Leasing activity in Bangalore’s key precincts such as the central business district (CBD), Old Airport Road, Outer Ring Road, Old Madras Road and Electronic City has remained resilient, especially in the office market, the real estate services firm said.

“After the new government took charge, overall sentiment among occupiers and investors have been positive, and we expect this optimism to continue over the next two to three years. In 2015 and 2016, India is expected to register office space absorption of 30 million sq ft each year,” said JLL India country head and chairman Anuj Puri.

“We have seen sales increasing in cities like Delhi and Mumbai in 2014. Over the longer term, the number and volume of sales transactions are likely to improve further, resulting in a boost to investments. The government’s many positive policy initiatives will also help investments into India to rise,” said Puri.

Bangalore’s CBD reports the highest transactions in the office market, from 10,000 Indian rupees (RM589) to 22,000 rupees per sq ft (psf), with rental value of 80 rupees to 130 rupees psf. 

Pune in Maharashtra and Ahmedabad in Gujarat have also witnessed an increase in office space rents.

However, very few office buildings are sold individually. “Most of the projects are offered on lease to occupiers, so developers own many projects in major cities. That said, a certain number of office assets are strata sold (sold to many investors). The ratio of lease to strata-sold office spaces in the country is about 70:30,” said Puri.

The ratio for local versus foreign investors in the commercial segment is steady.

“If we consider investment in office space post-2011, domestic investment is to the tune of 27%. The proportion of multinational corporations and local companies is approximately 60% and 40% respectively,” said Puri.

In terms of the retail index, Hyderabad’s retail space rents have increased on high demand with key precincts such as Banjara Hills recording a capital value of 11,000 rupees to 14,000 rupees psf, with rental value of 110 rupees to 140 rupees psf.

Ahmedabad’s retail market has also witnessed notable growth in categories such as quick service retail formats and retail banking.

The country’s huge economic turnaround, especially in the commercial estate sector, is attributed to the Indian government veering away from “tax terrorism” and proactive business reforms since Prime Minister Narendra Modi took office in May 2014.

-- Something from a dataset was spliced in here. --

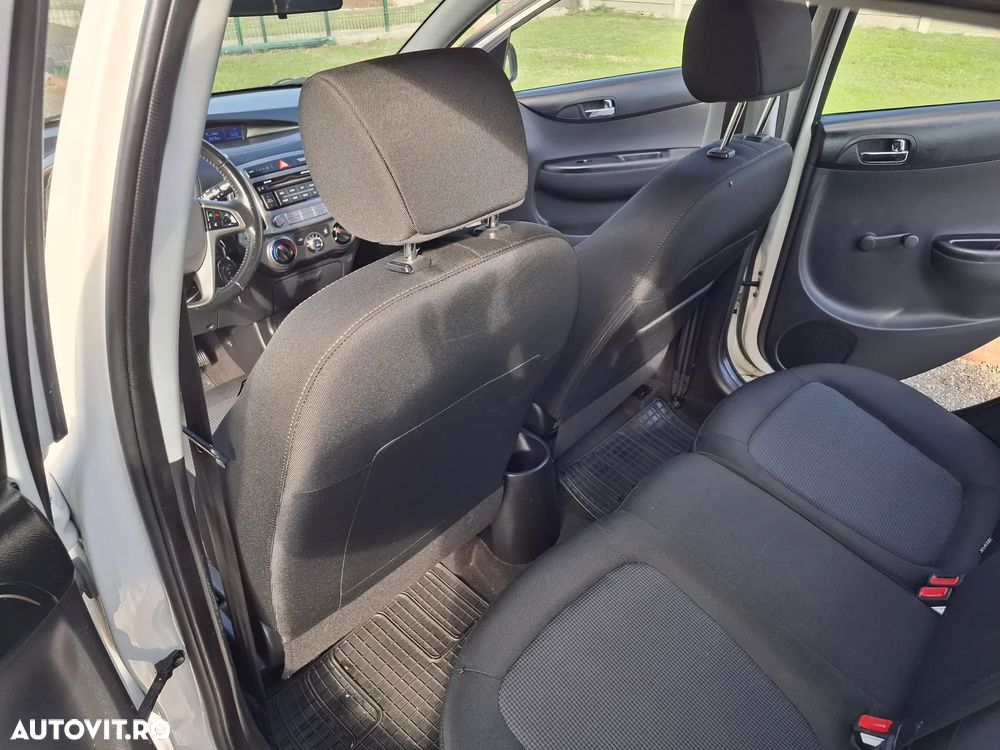Hyundai i20 1.2 Trend - 6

“Since getting elected, the Modi-led government has remained business focused. A few of the key initiatives for real estate specifically involve foreign direct investment relaxation, real estate investment trust (REIT) commencement, resolving issues with a land bill and a road map of housing for all by 2022,” said Puri.

“The government has also opened up the defence sector for foreign investment, while also providing much-needed light on the roll-out of the goods and services tax. A higher focus on infrastructure and foreign investment have also been highlights to date,” said Puri.

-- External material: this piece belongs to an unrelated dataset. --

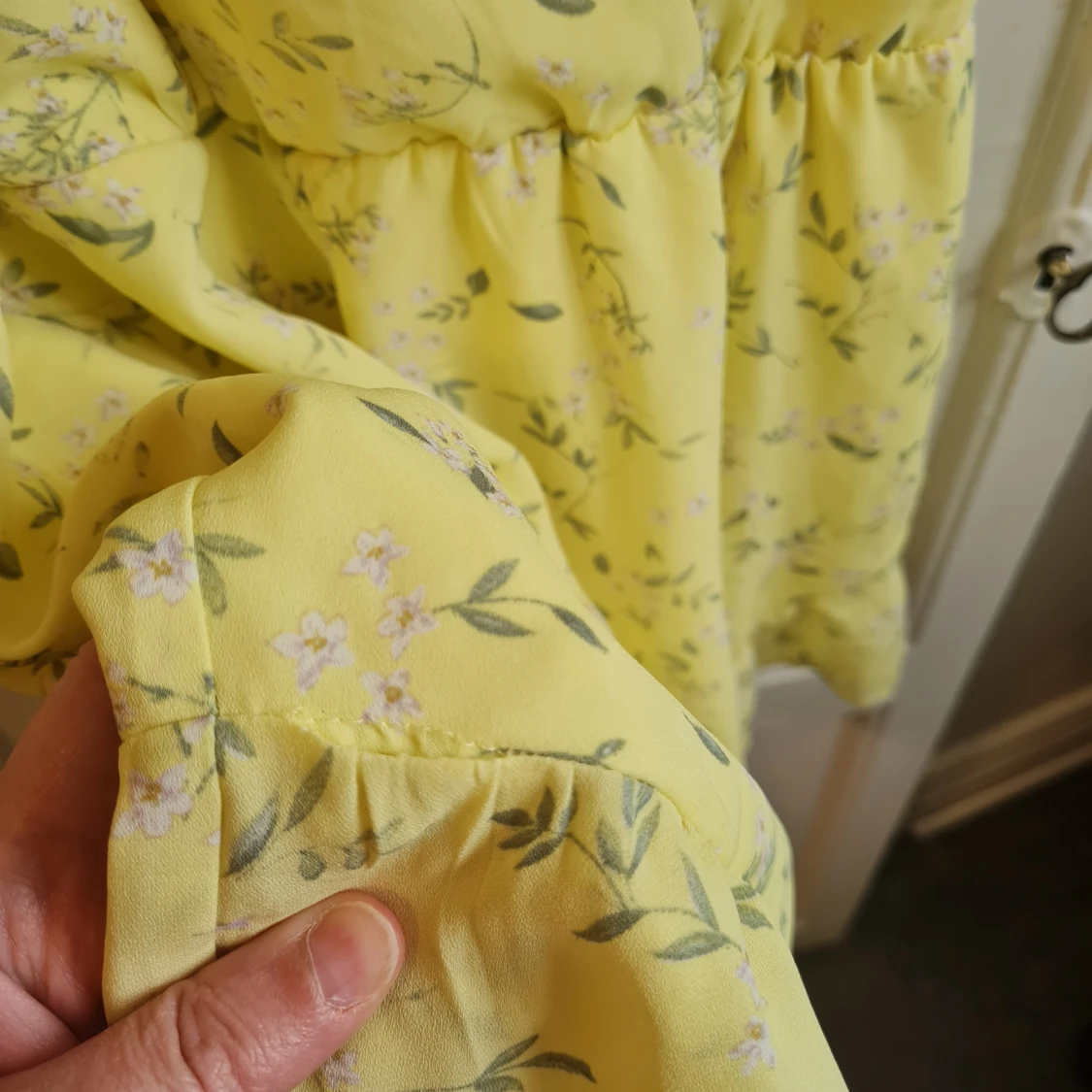 Gul blommig jumpsuit Gina Tricot 36 - 92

India’s finance ministry has also floated a draft cabinet note to amend the Foreign Exchange Management Act to permit overseas funds in REITs, which received a policy green light.

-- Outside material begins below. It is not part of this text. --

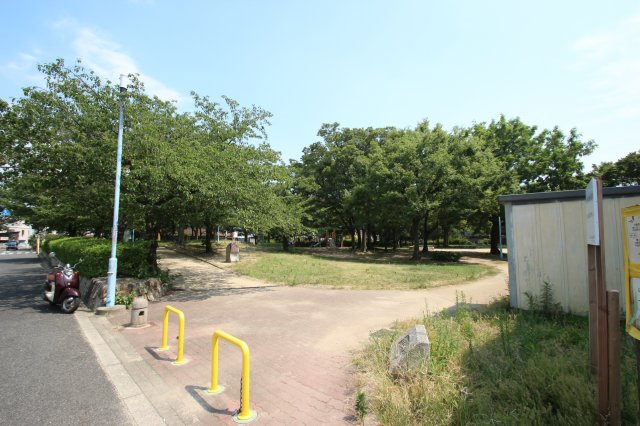 ケーズグランデ　生野東の周辺|公園には運動場もあるので、ご家族で楽しめますね。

Puri noted: “The potential of REITs in India will be to the tune of US$15 billion (RM54.45 billion) in the next three years. The calculation is on the assumption that 50% of REIT-compliant offices in the top seven cities (203 million sq ft) will get listed as REITs. Nonetheless, amendments may not be required to permit overseas funds as REITs will be listed vehicles.”

 

This article first appeared in The Edge Financial Daily, on April 10, 2015.